Roads had now ceased, and even the tracks were only those which had been trampled by the multitudes in front of us; over passes 5,000 feet high; between mountains 8,000 feet high; through snow, ice, boulders, unbroken forest, mud-holes, bridgeless rivers. And always those pitiless mountains glaring at the tragedy; mountains with steep, snow-covered slopes, or mountains of grey, bare rock, precipitous, shutting out, for thousands, all hope of return to home and nationhood.

It would be impossible now to trek at night, and at dusk, I noticed ahead of us, a mountain slope covered with trees, which would give us partial shelter from the cold wind. Only another half hour's scramble, down a steep incline, in a thick wood, and rest, and fire, and supper would reward us. The last 100 yards of descent were precipitous, and at the top, my horse and I slipped on the ice, and we rolled together to the bottom. We picked ourselves up, shook ourselves, looked at each other—I was still holding the reins—and walked on. There was no one to say "Poor dear, are you hurt?" so it wasn't worth while to be hurt. Men who were passing, passed; they took no notice. Why should they? A broken leg, even a broken neck, more or less, of what consequence would such trifles be in the general havoc? During war, new values—are they better values?—are found for many things.

We were now in a narrow valley, with steep mountains close upon either side of us. We scrambled a little way up the slope on our left, and found that the whole mountain side was becamped, and we secured a small level space for our fires, with difficulty. We scraped away the snow and made a fire, with wood, of which there was, fortunately, plenty, collected some clean snow for tea water, warmed some tinned food, and had supper. Except from snow, there was no water available during the next three days. No hay was procurable for the animals, and all we could give them to eat was dead beech leaves, which we unburied from the snow. We slept round the fire, and prevented ourselves from slipping down the mountain side, by logs of wood placed at our feet. The men, with their fires, and the horses and the oxen, were close to us.
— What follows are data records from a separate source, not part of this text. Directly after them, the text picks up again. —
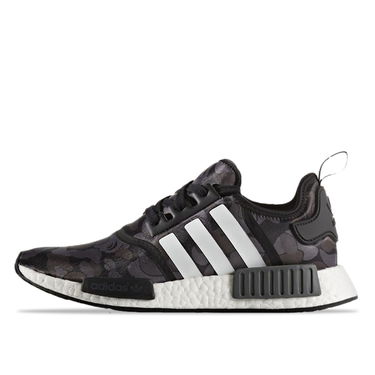 Sneakers og sko adidas Originals BAPE x NMD R1 Sort | BA7325, 0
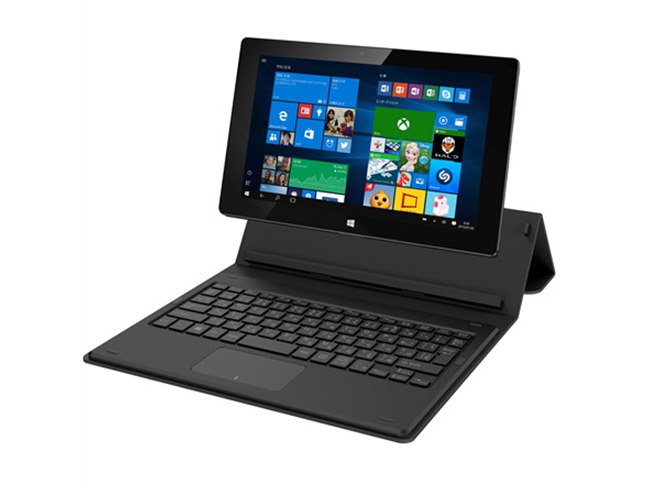 富士通、キーボードカバー付属の10.1型タブレット「arrows Tab QH35/W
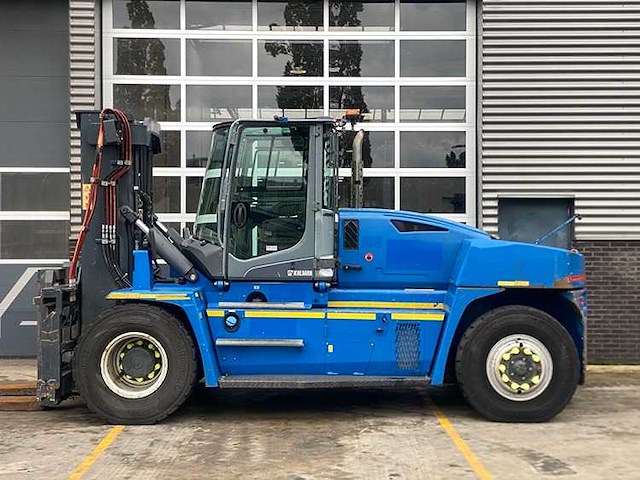 Kalmar - 2016 - dcg150-12 - 4925 uren, 2.5m duplex, vorkversteller, side-shift - vorkheftruck - afbeelding 4 van  11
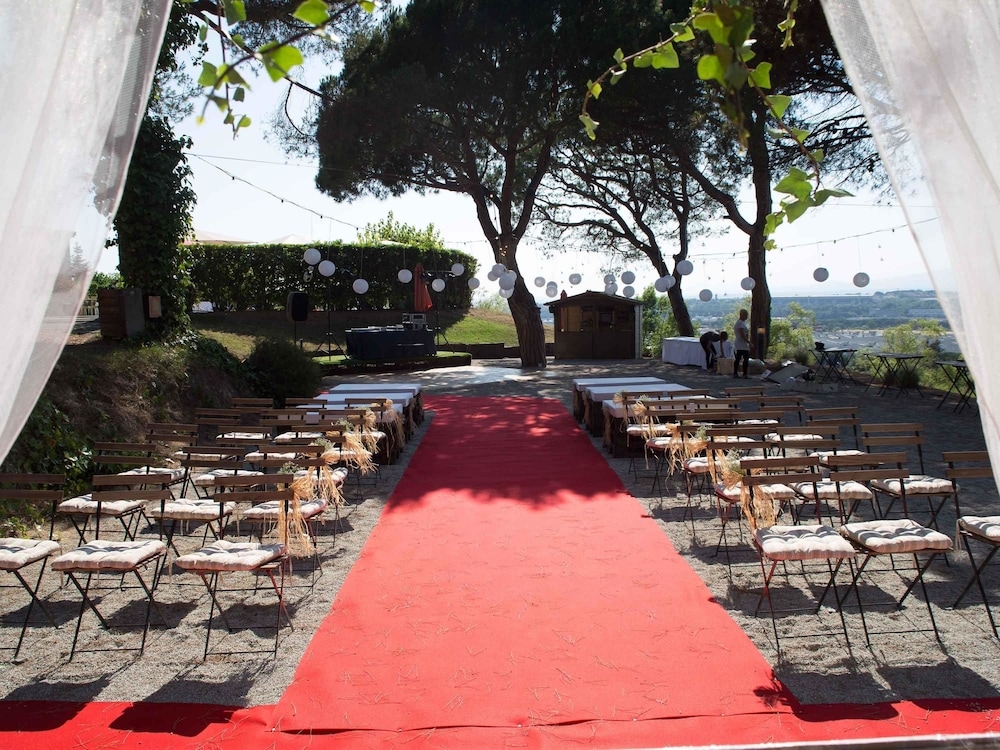 야외 연회 공간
And then I noticed that not only was our own hillside ablaze with camp fires, but that the lights amongst the trees upon the mountain opposite, from which we were only divided by two hundred yards of valley, were also camp fires, and not, as I had fancied, stars. Where did camp fires end and stars begin? Were there still such things as stars? Or was heaven quite shut out by earth? There was only a small piece of sky visible between the towering and overhanging mountains, and, in the darkness, heaven and earth seemed merged in a huge amphitheatre which was outlined by myriads of flickering lights. During the precious moments just before sleep—the only moments, in these times, available for thought—stars and camp fires, earth and heaven, became hopelessly mixed. I couldn't sort them, and I went to sleep, convinced that stars were the camp fires of the heavenly host, which is now out in mortal combat against the hosts of evil on our earth.
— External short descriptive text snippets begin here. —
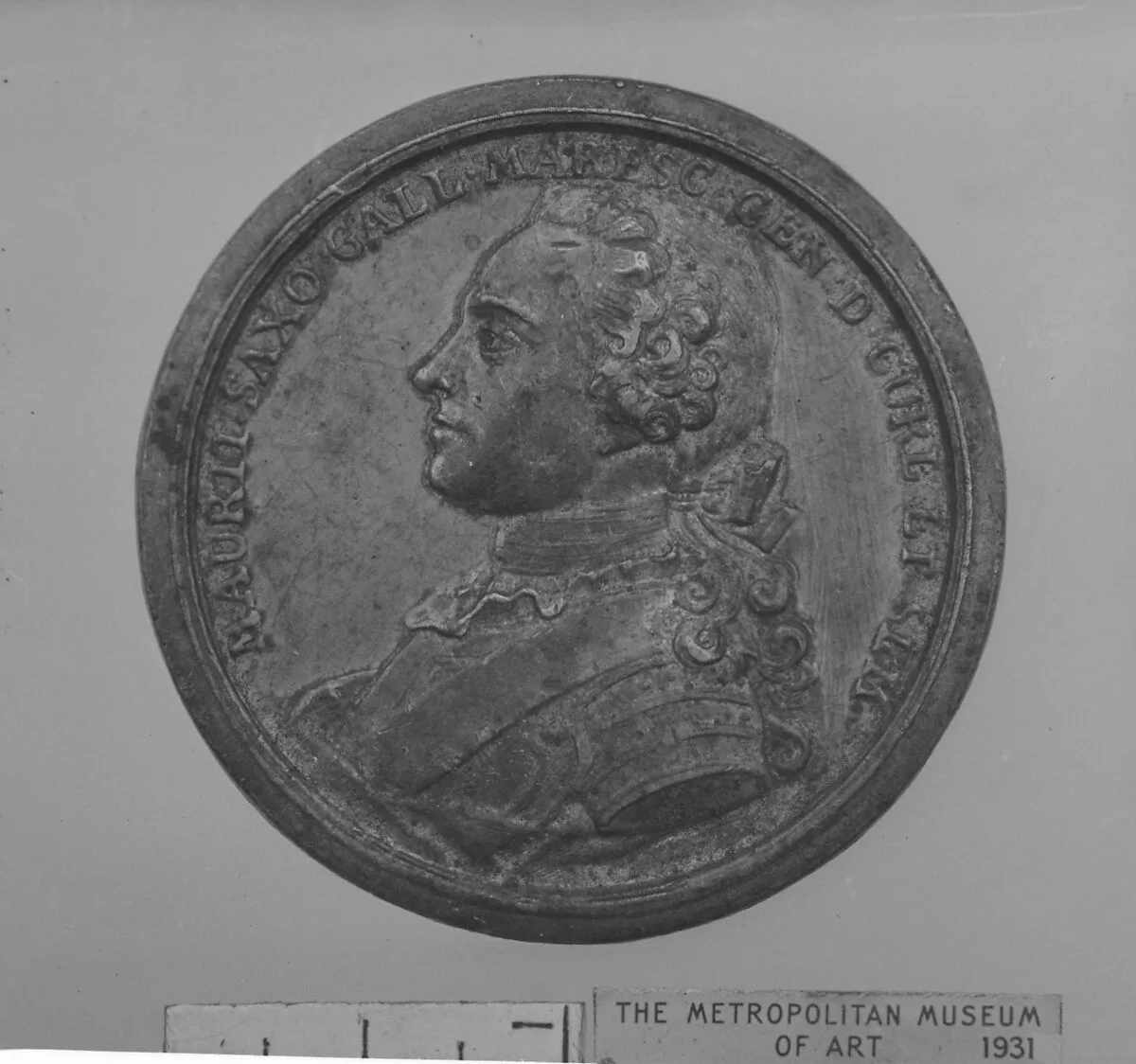 Medal — Unknown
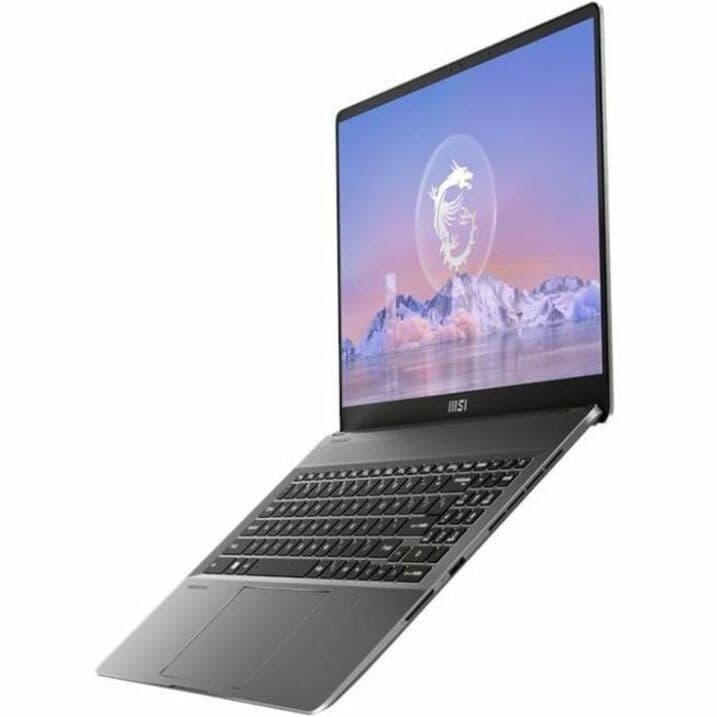 MSI Creator Z16 HX Studio B13V Creator Z16 HX Studio B13VGTO-008AU 16" Touchscreen Mobile Workstation - QHD+ - 120 Hz - Intel Core i9 13th Gen i9-13950HX - 64 GB - 2 TB SSD - Lunar Gray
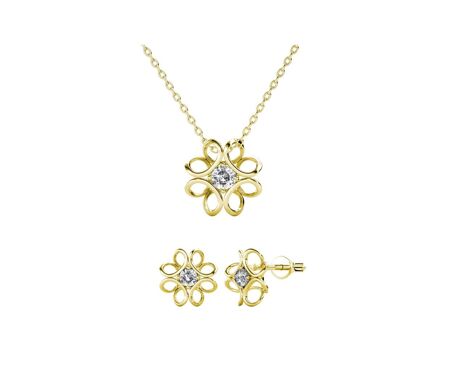 Parure Daffodil - Cristal d'Autriche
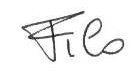 Filippo Gori Signature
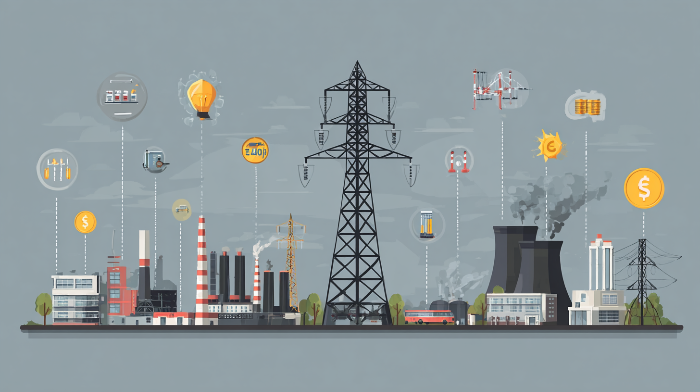 전기요금·가스요금 인상 구조를 보여주는 인포그래픽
It took us, at first, a long time to pack the ponies, but we were away by dawn (Monday, December 6th), climbing up the mountain, through the fir trees, over slippery ice, and rocks which were half hidden in snow. There was no longer a defined way; the whole earth was now an untrodden track, from or to perdition. Whichever way you looked, oxen, horses, and human beings were struggling, and rolling, and stumbling, all day long, in ice and snow. Soon after we started, I saw a long column ascending a steep hillside; near the top, a horse slipped, and knocked down the man who was leading it; they both fell, and as they rolled down the slope, they knocked down all the other men and horses in the line, and these all fell like ninepins, one after the other, all the way down the mountain side.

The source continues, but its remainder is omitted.